A lot of thanks for helping me !


----------



## Arashi

wide12 said:


> Edit: this is what she told me just now
> watasiga sukina game dake asonda


 遊ぶ is past tense in this sentence, so isn't she saying "I like the only game I played"?

Broken down, it looks like
*私* *好きな* *ゲームだけ 遊んだ*
*I* *like* *(the) only game played*.



wide12 said:


> Edit: this is what she told me just now
> watasiga sitai mode dake


*私      したい   **モードだけ* 
*I* *want to do*   (this) *mode only* 
I want to do (this) mode only
"I only want to do (play) this mode."


----------



## Flaminius

> Broken down, it looks like (...)


Hi,

Breaking the sentence into components isn't enough since Japanese follows different word order from that of English.  You need, ahem, splicing:
*私が 好きな ゲーム だけ 遊んだ*

This turns into English:
*(I) played only the games I like*


The sentence in the thread-beginning post is built on the same construction.  See below with corrections:
*私が したい こと だけ した*

Two things are important for understanding the splicing here.  First, Japanese verbs are always placed at the end of a sentence.  It follows that, if you see a verb in the middle of a sentence, it is the end of a subordinate sentence.

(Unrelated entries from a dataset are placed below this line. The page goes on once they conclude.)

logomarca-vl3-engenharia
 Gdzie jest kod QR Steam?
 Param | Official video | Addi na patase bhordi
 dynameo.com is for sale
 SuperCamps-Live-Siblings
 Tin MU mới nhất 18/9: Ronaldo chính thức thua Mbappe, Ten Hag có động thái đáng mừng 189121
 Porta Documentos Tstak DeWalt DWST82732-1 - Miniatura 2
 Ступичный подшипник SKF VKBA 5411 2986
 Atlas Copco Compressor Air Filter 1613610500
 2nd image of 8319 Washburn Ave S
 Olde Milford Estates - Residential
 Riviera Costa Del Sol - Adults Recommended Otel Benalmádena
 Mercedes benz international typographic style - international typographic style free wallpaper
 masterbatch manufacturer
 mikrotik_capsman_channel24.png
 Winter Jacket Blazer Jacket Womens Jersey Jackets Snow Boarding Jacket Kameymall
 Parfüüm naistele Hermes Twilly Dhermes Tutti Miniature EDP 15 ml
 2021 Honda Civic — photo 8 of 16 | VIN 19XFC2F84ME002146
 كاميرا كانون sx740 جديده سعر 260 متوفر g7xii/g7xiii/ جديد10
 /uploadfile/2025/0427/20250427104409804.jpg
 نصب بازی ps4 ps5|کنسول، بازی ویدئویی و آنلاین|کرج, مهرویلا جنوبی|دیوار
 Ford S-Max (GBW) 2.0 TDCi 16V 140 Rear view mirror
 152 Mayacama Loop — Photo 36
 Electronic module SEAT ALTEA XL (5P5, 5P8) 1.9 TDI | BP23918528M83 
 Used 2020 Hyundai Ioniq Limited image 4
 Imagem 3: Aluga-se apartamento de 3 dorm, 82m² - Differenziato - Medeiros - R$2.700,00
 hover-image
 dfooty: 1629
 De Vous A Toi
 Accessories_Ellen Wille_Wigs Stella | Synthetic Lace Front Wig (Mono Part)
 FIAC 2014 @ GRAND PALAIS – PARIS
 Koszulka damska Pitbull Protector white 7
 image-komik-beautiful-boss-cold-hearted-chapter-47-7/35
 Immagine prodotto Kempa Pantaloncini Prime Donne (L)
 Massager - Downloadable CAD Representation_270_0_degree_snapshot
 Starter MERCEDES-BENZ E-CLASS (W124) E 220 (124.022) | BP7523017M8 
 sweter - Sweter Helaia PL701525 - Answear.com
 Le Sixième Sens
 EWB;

In fact *私が 好きな* and *私が したい* are relative clauses (a type of subordination) whose "antecedents" are *ゲーム* and *こと*, respectively:
*ゲーム* (games) [that] *I like*
*こと* (things) [that] *I want to do*

The second point is, therefore, the Japanese relative clause precedes the main clause noun it modifies.


----------



## Arashi

Flaminius said:


> Breaking the sentence into components isn't enough since Japanese follows different word order from that of English.


 That's true. Particles helps with this. To my dismay, however, particles are sometimes omitted.


----------



## Derselbe

Arashi said:


> That's true. Particles helps with this. To my dismay, however, particles are sometimes omitted.



You don't need particles. If a verb or preceeds a noun it always descibes it just like an adjective. Japanese is more consequent here than English. In English you say:

The green tree. 
but
The tree I climed.

In Japanese you would say
The green tree.
The I climed tree.

midori no ki
nobotta ki

(I don't know if noboru is the correct verb for climbing trees, so don't quote me on that)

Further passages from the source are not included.